(Saved data entries)
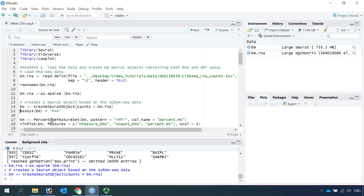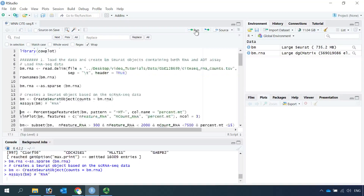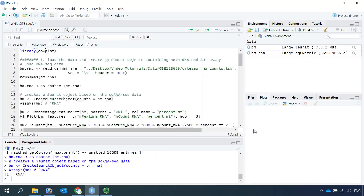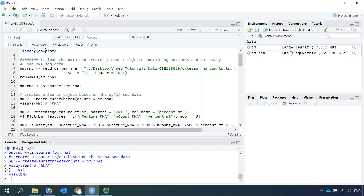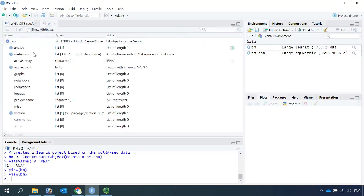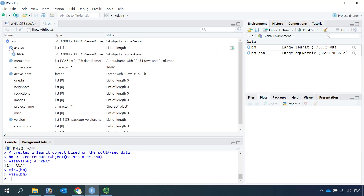If we check the assays for the Seurat object, it should be RNA. Let's run — you can see it is RNA. Also if you click the object, you can see we only have one assay: RNA. We have more than 33,000 cells in the dataset.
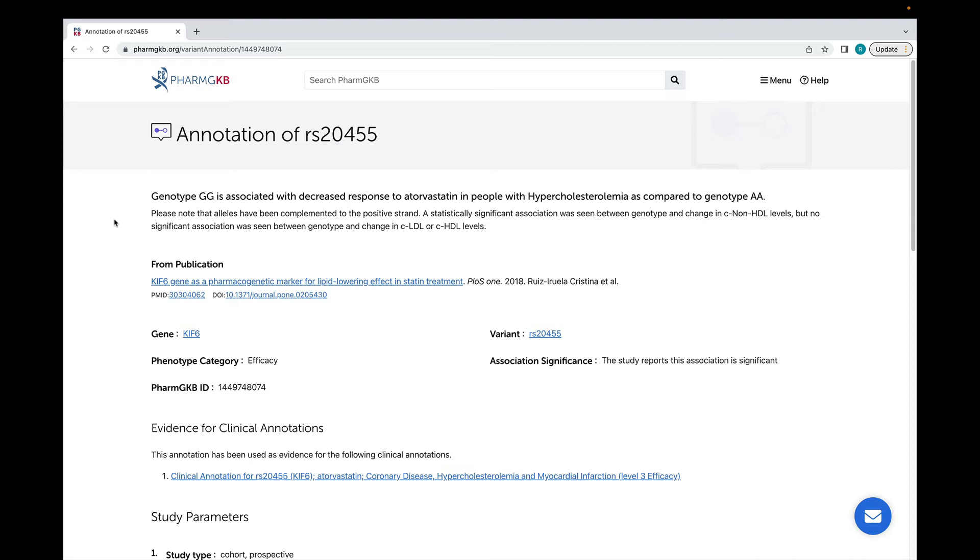PharmGKB reports all alleles as being on the positive strand. This allows us to maintain consistency across the thousands of variants throughout the genome which we annotate. You can also see details about the variants and genes associated with this annotation, the phenotype category assigned to the annotation, and whether the paper reports that the association was significant.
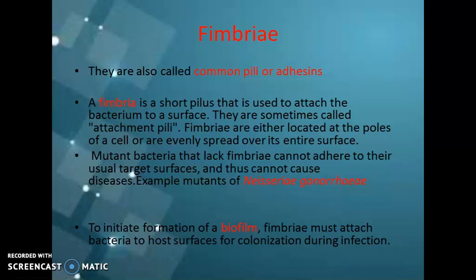The fimbria of the bacteria helps in attaching the bacteria to the host surface — for example, on the teeth surface — for colonization during infection.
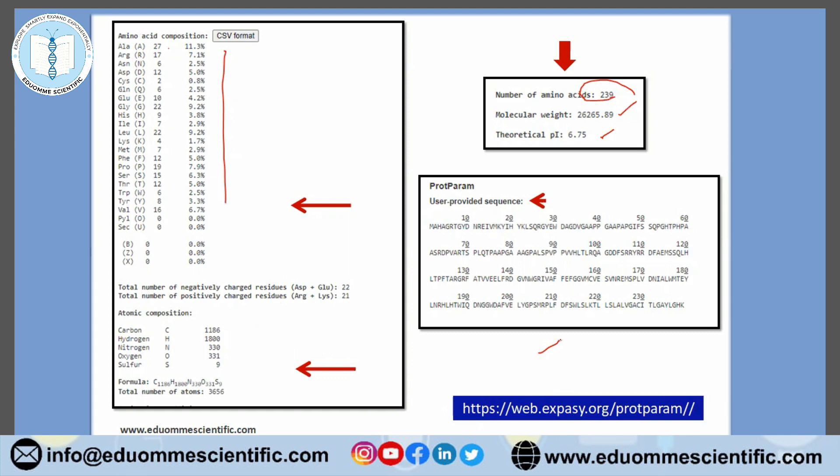So if your protein forms a dimer or multimer, then you have to paste your sequence two times and then compute. And for post-translational modifications, they are not providing any information about the impact of such modifications — that property is not given. But in the case of a dimer, you have to paste your sequence twice. So on the initial page, you will get these kinds of information.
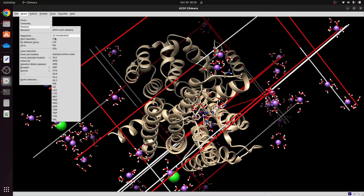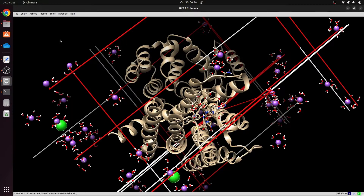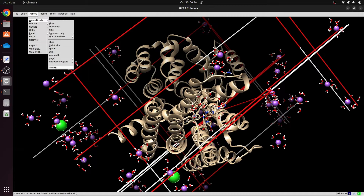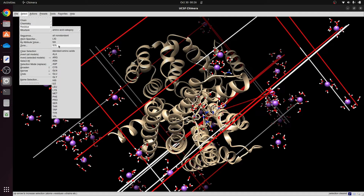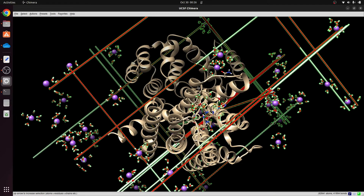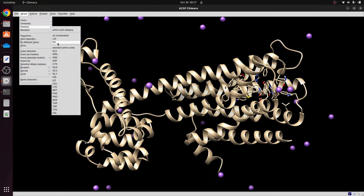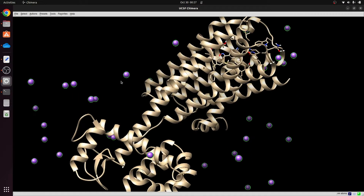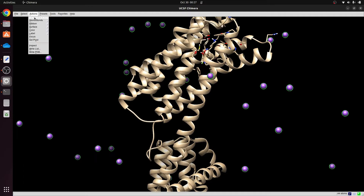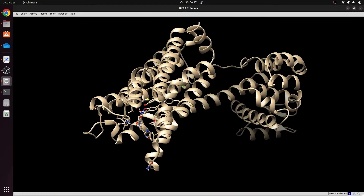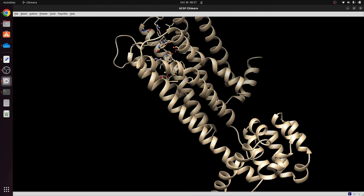I'll go to Select, then Residues, select Cl first, go to Actions > Atoms and Bonds, and delete it. Then I'll select the residue Salt, which selects all the water molecules inside the MD simulation box, and delete those as well. I'm then left with sodium ions shown as purple dots, which I also delete under Atoms and Bonds. Now I'm left with only the protein and the ligand.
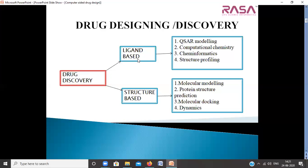Ligand-based drug discovery involves processes like QSAR modeling, computational chemistry, cheminformatics, and structural profiling. Structure-based drug discovery involves molecular modeling, protein structure predictions, molecular docking, molecular dynamics, etc.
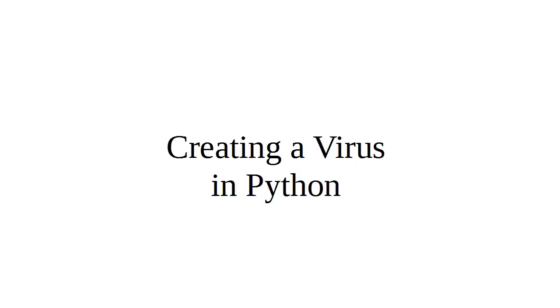Sometimes in order to understand malware, it's best to know how to create things. So I'm going to show you how to create a virus in Python.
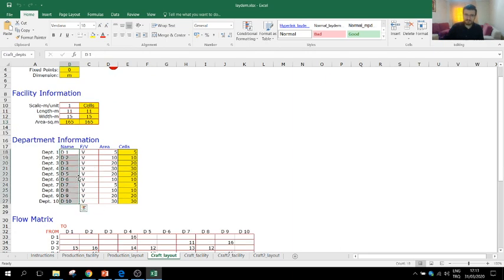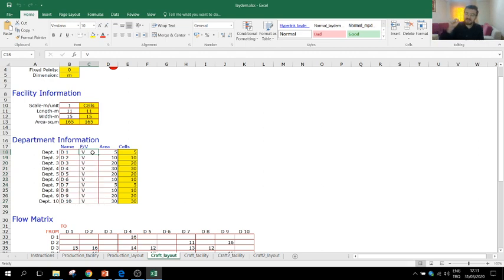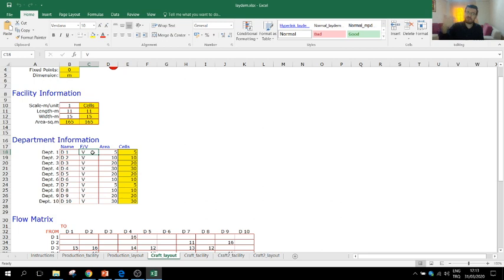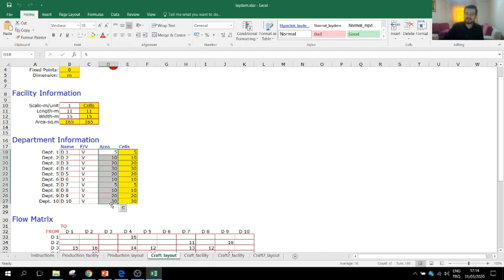These are the names of departments, and F or V designates their status. F means fixed — if the location of a department is fixed, you mark it F. V means variable — the location can be changed as we search for the best layout. The area required by each department is specified in number of cells. The total area required by all departments should be less than or equal to the available cells. In this example, the departments require 160 cells and we have 165 cells available.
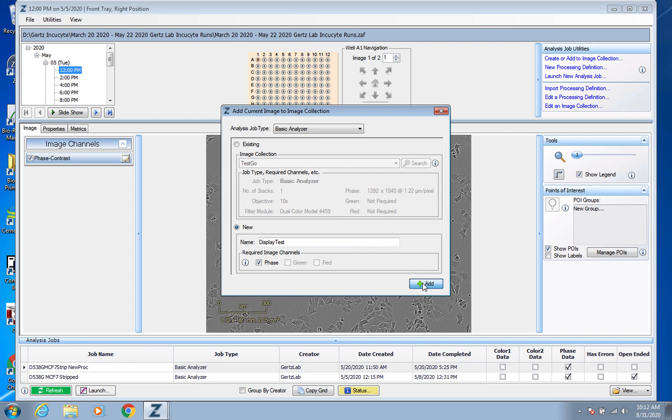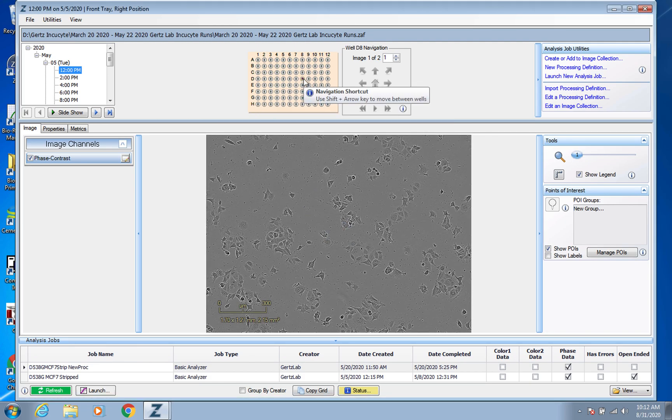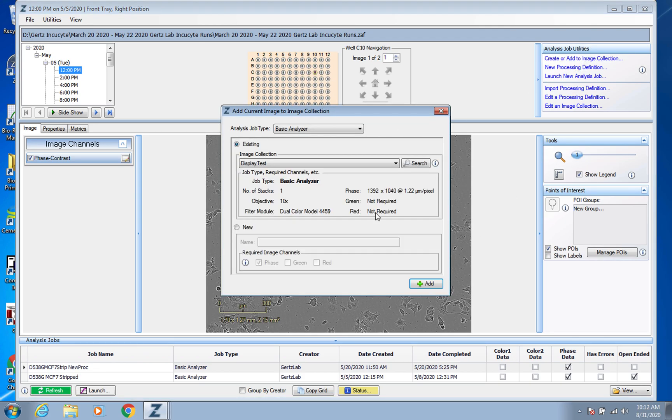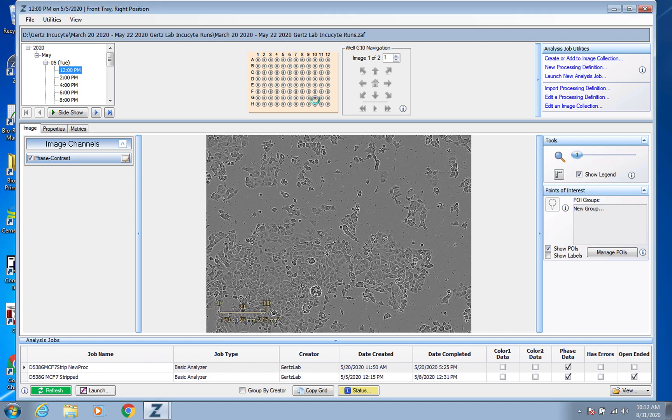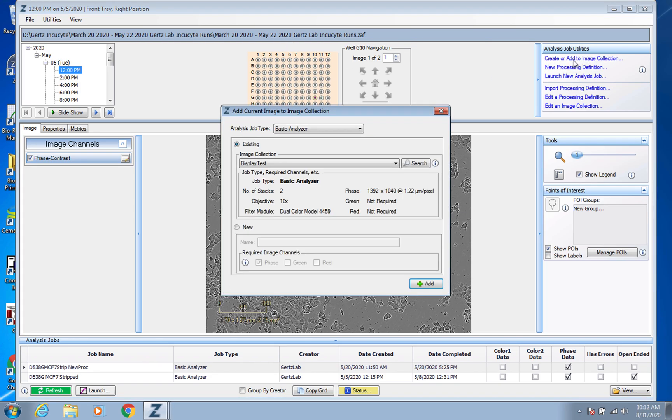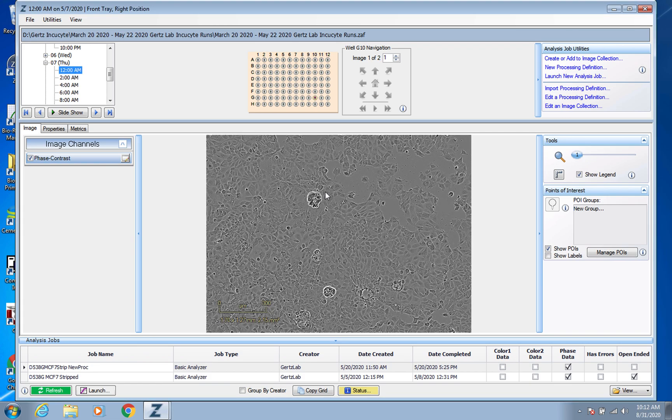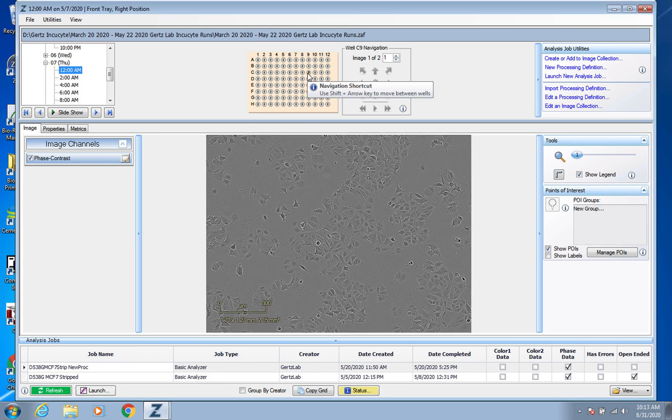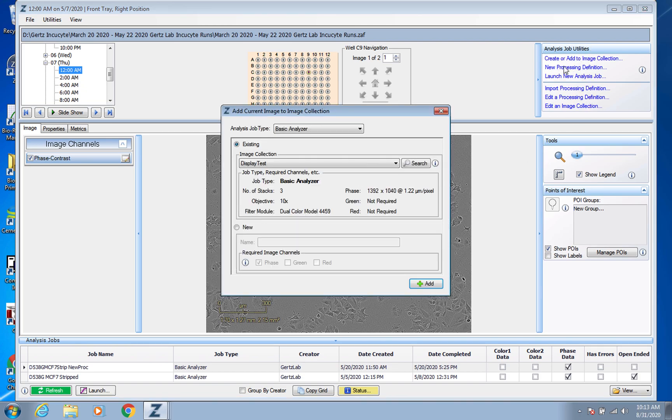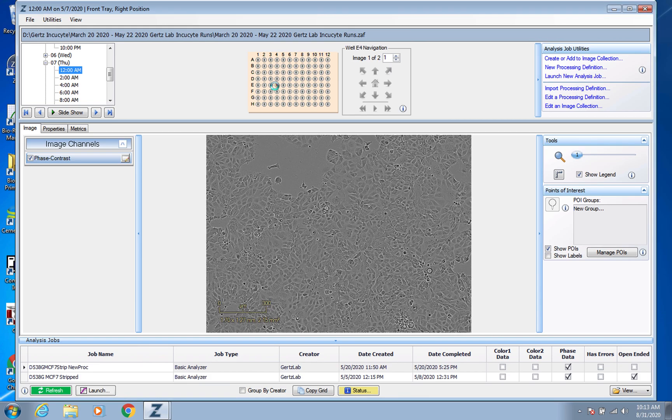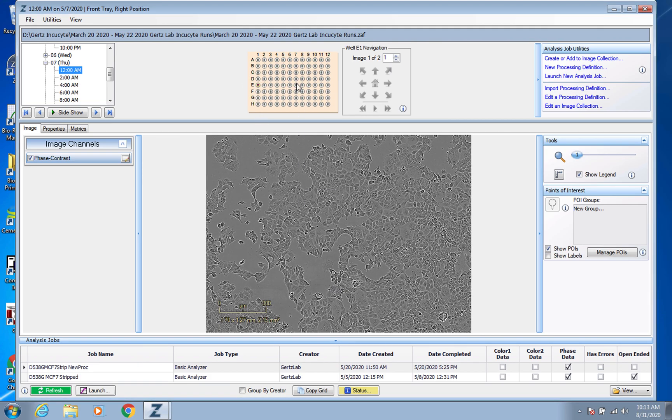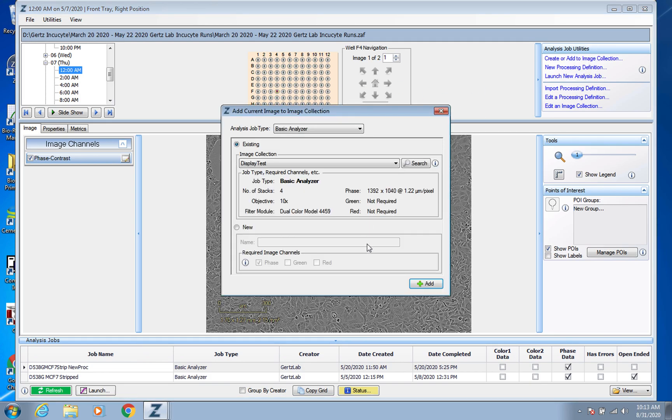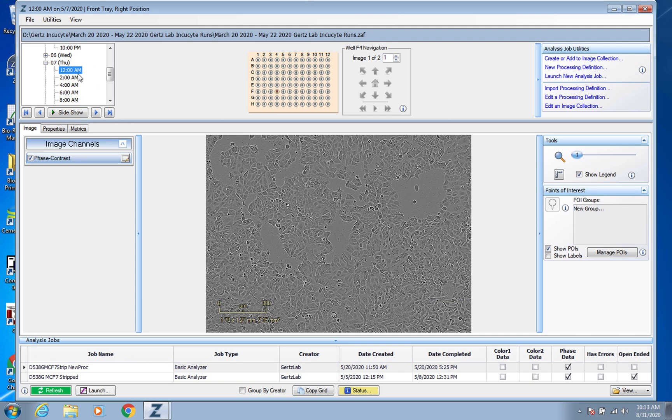And add this image to the collection. And what you want to do is just pick different images that you feel are fairly representative of your cells, and just click around. And each time you'll just, again, go to create or add to image collection. Looks like a good one. How it looks more confluent, you want to pick ones that are different confluencies. So I'm going to kind of pick all over the place. These are some nice cobblestone-y looking ones.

__PROBLEM TO SOLVE__
Reproduce all the records verbatim, excluding images.

__EXERCISE RESPONSE__
If we check the assays for the Seurat object, it should be RNA. Let's run — you can see it is RNA. Also if you click the object, you can see we only have one assay: RNA. We have more than 33,000 cells in the dataset.
PharmGKB reports all alleles as being on the positive strand. This allows us to maintain consistency across the thousands of variants throughout the genome which we annotate. You can also see details about the variants and genes associated with this annotation, the phenotype category assigned to the annotation, and whether the paper reports that the association was significant.
The fimbria of the bacteria helps in attaching the bacteria to the host surface — for example, on the teeth surface — for colonization during infection.
So if your protein forms a dimer or multimer, then you have to paste your sequence two times and then compute. And for post-translational modifications, they are not providing any information about the impact of such modifications — that property is not given. But in the case of a dimer, you have to paste your sequence twice. So on the initial page, you will get these kinds of information.
I'll go to Select, then Residues, select Cl first, go to Actions > Atoms and Bonds, and delete it. Then I'll select the residue Salt, which selects all the water molecules inside the MD simulation box, and delete those as well. I'm then left with sodium ions shown as purple dots, which I also delete under Atoms and Bonds. Now I'm left with only the protein and the ligand.
Ligand-based drug discovery involves processes like QSAR modeling, computational chemistry, cheminformatics, and structural profiling. Structure-based drug discovery involves molecular modeling, protein structure predictions, molecular docking, molecular dynamics, etc.
Sometimes in order to understand malware, it's best to know how to create things. So I'm going to show you how to create a virus in Python.
These are the names of departments, and F or V designates their status. F means fixed — if the location of a department is fixed, you mark it F. V means variable — the location can be changed as we search for the best layout. The area required by each department is specified in number of cells. The total area required by all departments should be less than or equal to the available cells. In this example, the departments require 160 cells and we have 165 cells available.
And add this image to the collection. And what you want to do is just pick different images that you feel are fairly representative of your cells, and just click around. And each time you'll just, again, go to create or add to image collection. Looks like a good one. How it looks more confluent, you want to pick ones that are different confluencies. So I'm going to kind of pick all over the place. These are some nice cobblestone-y looking ones.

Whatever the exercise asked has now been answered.